I think I have always believed in fate, and the ideology that ‘everything happens for a reason’. However, trying to rationalise the ‘reason’ for the events during and after January 2011 caused me to struggle with this concept, and if there is a ‘reason,’ it had better be a good one.
Samantha was due to get married in Looe, Cornwall, UK on 11th January 2011. We decided to surprise her by arranging earlier than planned flights to the UK, so that we would arrive on her doorstep on Christmas Day. I do not know why we thought travelling so close to Christmas would be good idea. I think we, or I, became carried away with the romantic, chick lit notions of it all. My perfect vision was of Samantha, whose family lived on the other side of the world, answering the door on Christmas morning to find them standing there, just when she thought she would spend another Christmas missing them, etc. Well, I suppose I watch too many girlie films and read too many romantic fiction novels.

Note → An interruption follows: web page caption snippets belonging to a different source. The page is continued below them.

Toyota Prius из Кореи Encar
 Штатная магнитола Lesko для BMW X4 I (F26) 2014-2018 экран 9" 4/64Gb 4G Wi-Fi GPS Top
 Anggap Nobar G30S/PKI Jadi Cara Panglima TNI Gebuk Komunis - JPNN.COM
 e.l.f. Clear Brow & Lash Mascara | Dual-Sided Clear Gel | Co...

The journey got off to a shaky start when we almost missed our connecting flight in Sydney. Our flight from Brisbane to Sydney was delayed by a thunderstorm. When we finally arrived in Sydney, we had to make a frenzied run from the domestic arrivals terminal to the international departure terminal. With Nigel and Phillip in lead positions, and Jaime and I bringing up the rear, we were determined that we would catch our Malaysia airlines flight to London Heathrow, if we just kept running. At the time, we thought how lucky we were that we did not have to collect our luggage after the Brisbane domestic flight, or we surely would not have made it to international departures on time. Thank goodness for being able to check the luggage in for the whole journey from Brisbane.

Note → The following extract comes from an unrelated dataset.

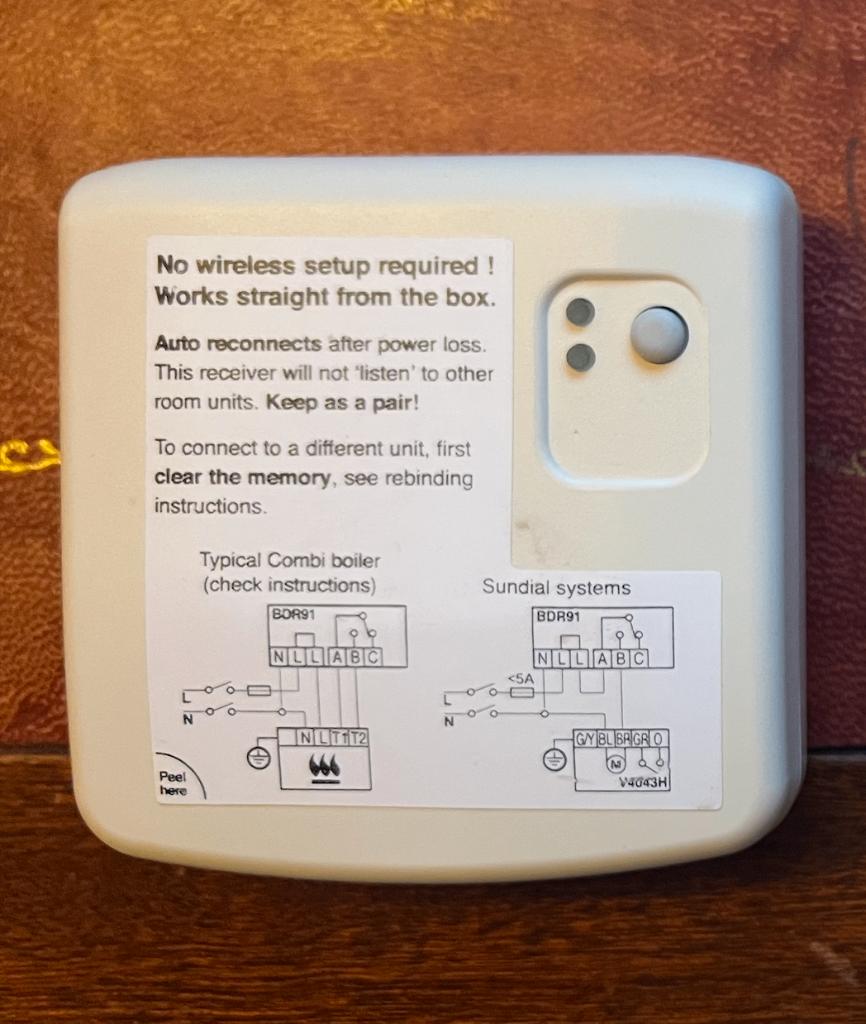 BDR91A1000 wireless relaybox, Ophalen of Verzenden, Nieuw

With an exhausted sigh of relief, we took our seats, the last people onto the plane. It was not our imagination; everybody was looking at us with that impatient look of, ‘we are all waiting for you’. Hot and sweaty, we were targeted by disapproving stares as we struggled to put our hand luggage into the overhead lockers and take our seats. This was to the obvious annoyance of a young couple who thought their luck was in, with four empty seats that they could have spread out on for a comfortable sleep during the long flight, if we had not made it in time. However, as far as we were concerned the main thing was it was all OK: we had made the flight. The flights were long, and after watching multiple inflight movies and eating an enormous amount of meals provided, after a quick stop in Kuala Lumpur, we eventually arrived at Heathrow on time. It was Christmas Day and yes, it was snowing; the iconic white Christmas. The temperature was -2 °C at six o’clock in the morning, and coming from peak summertime in Australia, we were unsuitably dressed in tee shirts, cotton trousers and thongs (flip-flops) on our feet.
As we stood at the baggage reclaim area the realisation soon dawned that we had not been as lucky with our luggage, as we had first thought. Sadly, our luggage had not completed the journey with us. This was quickly apparent as the other passengers left and the dizzying conveyor belt circled in front of us, empty apart from some stray remnants of luggage tags and a broken pushchair that no-one claimed. Nigel and I looked at each other: it was like that scene from ‘Home alone’, when they realise that Kevin is missing. The sense of realisation, denial and then horror at the implications of what this meant hit us. This was not mere holiday luggage that had failed to arrive: it was items of Samantha’s wedding ensemble and suitable winter clothing, which we desperately needed at this particular moment, as we stood shivering at the lost baggage desk completing numerous forms. All of our wedding outfits, gifts, paperwork, etc., were missing in action.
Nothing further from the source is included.